ROOT Project - part 1
Goal: Illustration of the general idea behind the Maximum Likelihood (ML) estimation method
- Generate a sample of 50 measurements according to a Gaussian p.d.f. with parameters μ = 0.2 and σ = 0.1.
- With the obtained data sample, find the ML estimations of the mean and the variance of the parent distribution.
- Plot the Gaussian distribution using the parameter values for which the likelihood function (and hence also its logarithm) are a maximum. In the same plot, also show the p.d.f. using the true parameter values.
- Estimate the variance of the mean with the Monte Carlo method. To do this one must simulate a large number of experiments, compute the ML estimates each time and look at how the resulting values are distributed.

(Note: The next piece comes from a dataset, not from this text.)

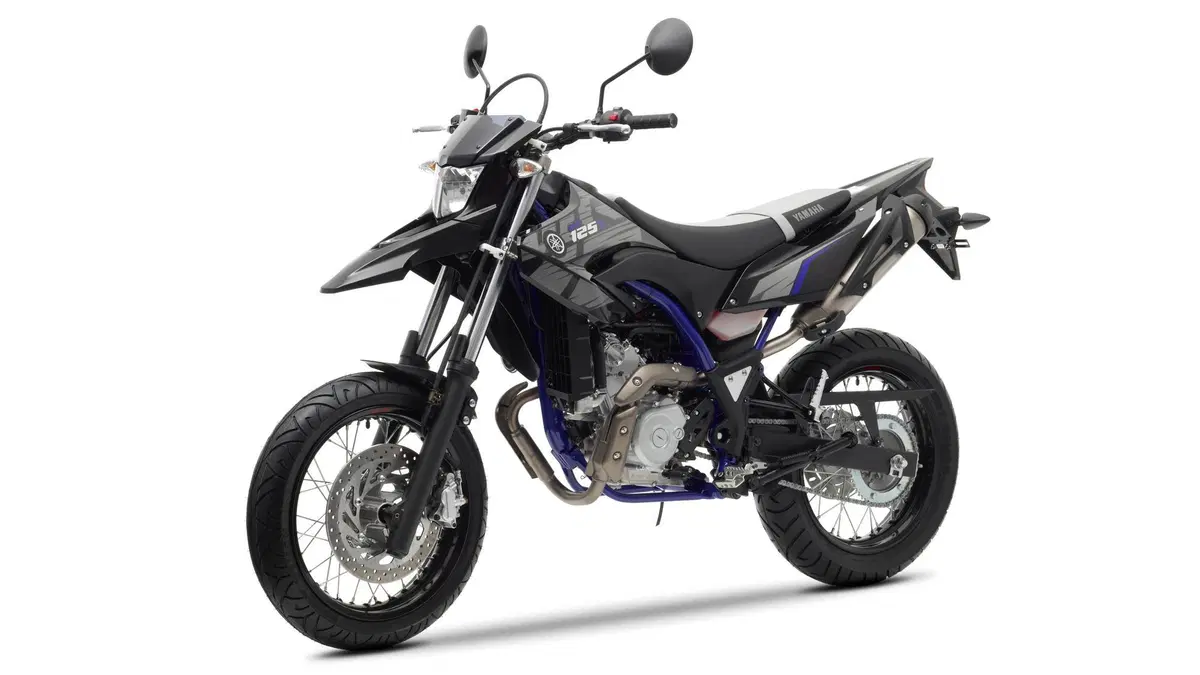 Yamaha WR 125 WR 125 X (2009 - 16) (9)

- Regarding the first Monte Carlo experiment as the 'real' one, simulate 1000 further experiments with 50 measurements each. For the 'true' parameters in the Monte Carlo program, the estimated values from the real experiment can be used.
- Plot the histogram of the resulting ML estimates. The sample standard deviation from the 1000 experiments must be calculated from the unbiased estimator of the variance of the p.d.f.
- Report the statistical error on the mean found from the Monte Carlo method, and compare it with the analytical solution (i.e. σ = σ/√n).
- The ML estimate of the mean was found to be close to the true value (estimated: 0.188, true: 0.2)
- The ML estimate of standard deviation was approximately 0.083 (true: 0.1)
- The Monte Carlo error on the mean (0.0116) closely matched the analytical solution (0.0117)
- The ratio of Monte Carlo error to analytical error was 0.991, confirming the theoretical prediction
The second part of the project focuses on implementing unbinned maximum likelihood estimation for exponential decay processes and comparing binned fits with various bin counts.
- Unbinned maximum likelihood provides the most accurate parameter estimates
- Performance degrades with fewer bins in binned analysis
- The log-likelihood function shows a clear maximum at the correct decay parameter
- C++ programming language
- ROOT data analysis framework (CERN)
- Statistical analysis techniques (Maximum Likelihood, Chi-squared, Poisson statistics)
- Data visualization
To run these analyses, you need to have ROOT installed on your system. You can run the macros with:
root -l ML_Project_Part1.C
root -l ML_Project_Part2.c